### Available records
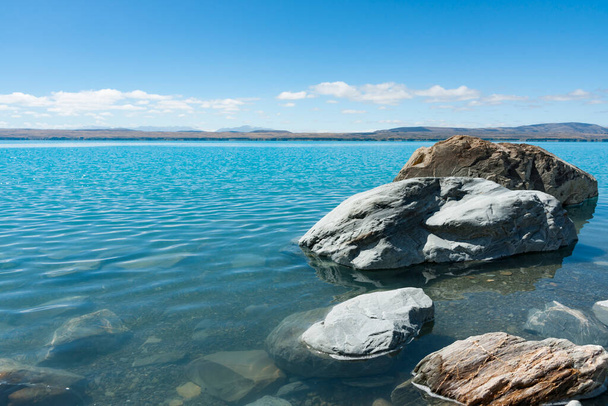 Nagy sziklák a szürke köves tó szélén és türkiz kék víz hó takarmány festői tó Pukaiki Dél-szigeteken Új-Zéland. - Fotó, kép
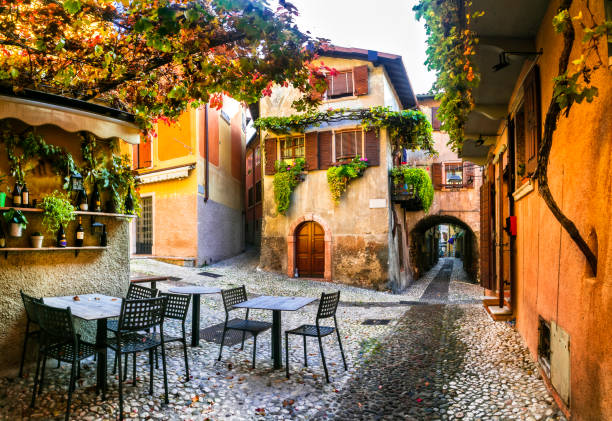 Charming old narrown streets of Italian villages. Malcesine, Garda lake, Italy. Autumn colors, cosy street bars stock photo
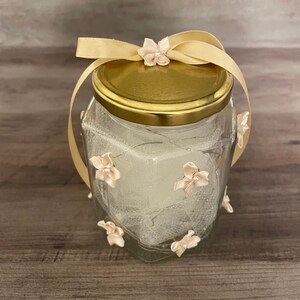 May include: A glass jar with a gold lid and a beige ribbon tied around the top. The jar is decorated with small, light pink fabric flowers and a white tulle fabric. The jar is filled with white glitter.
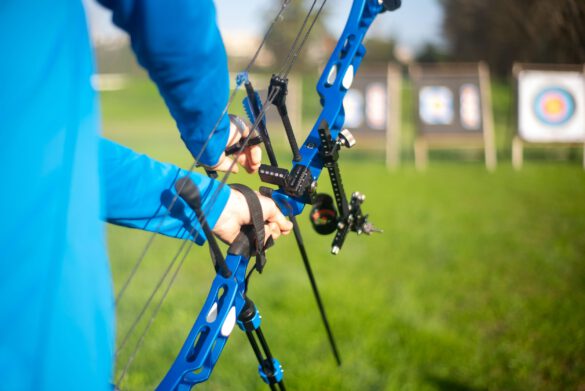 osoba trzymająca łuk sportowy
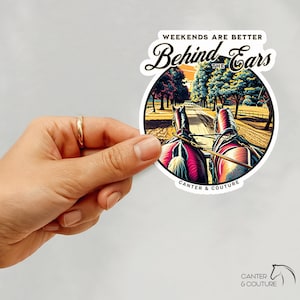 May include: A sticker featuring the text "Weekends are Better Behind the Ears" and an illustration of horses pulling a carriage along a tree-lined road. The sticker also includes the text "Canter & Couture".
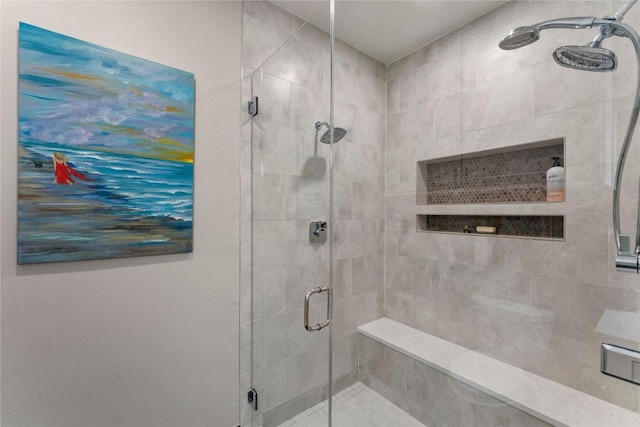 bathroom featuring a shower stall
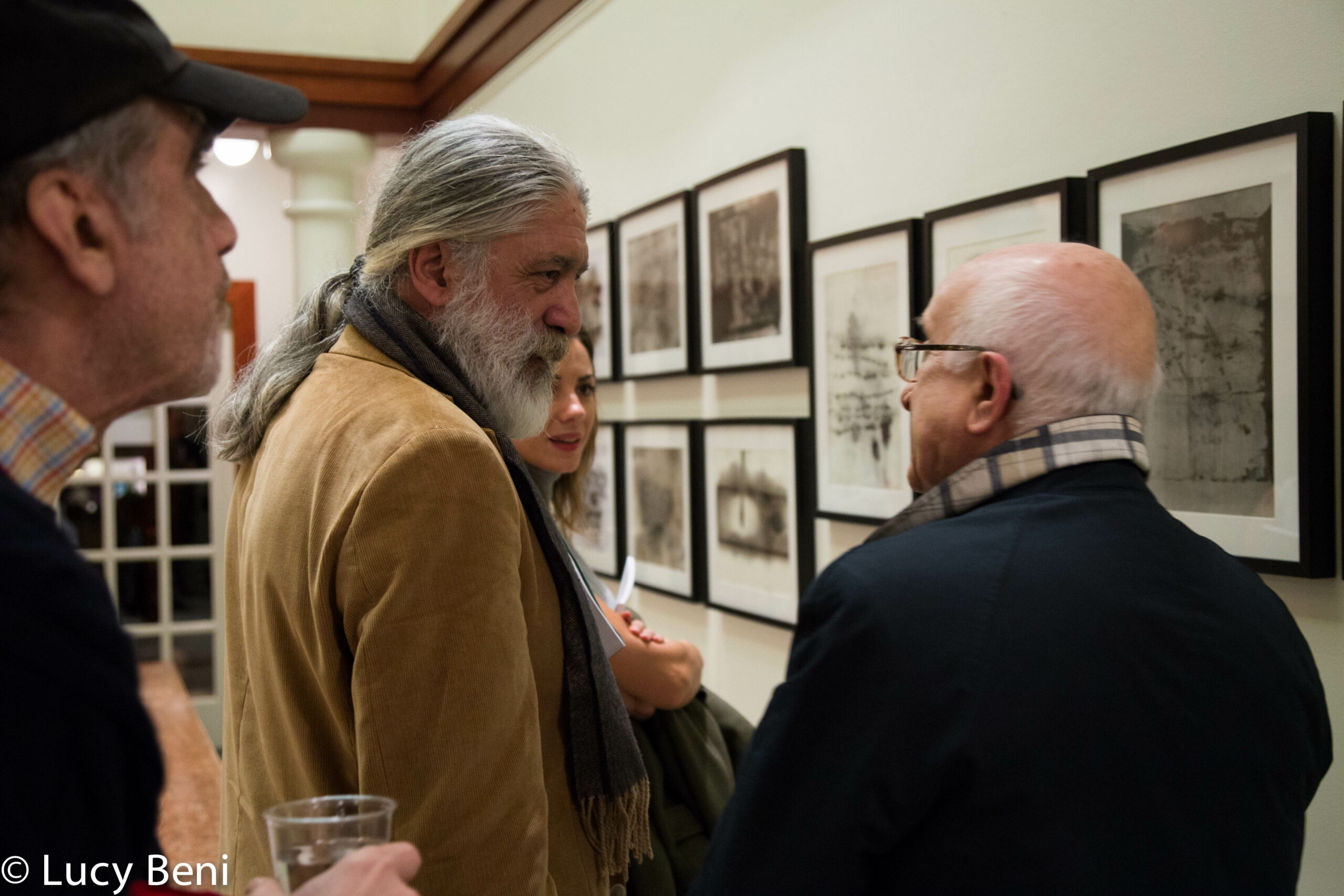 artist-talking-to-people-from-exhibiton-opening-works-by-roberto-almagno-at-casa-italiana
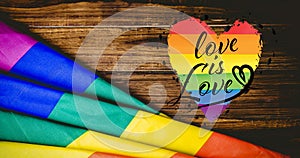 Love is love text and rainbow flag over wooden boards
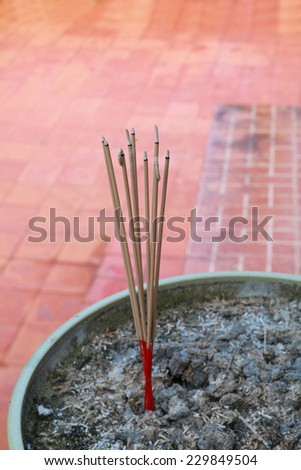 There are sticks  burning in the incense burner.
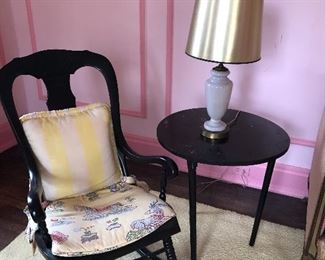 Rocking chair, side table, and lamp with golden shade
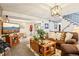 Finished basement living room features a cozy seating area with a large flat screen television at 8280 Everett Way, Arvada, CO 80005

### Exercise directions
Take only the lines above from the one that has "Love is love" through the one that has "Rocking chair, side" and reproduce them exactly, omitting any pictures.

### Answer to the problem
 Love is love text and rainbow flag over wooden boards
 There are sticks  burning in the incense burner.
 Rocking chair, side table, and lamp with golden shade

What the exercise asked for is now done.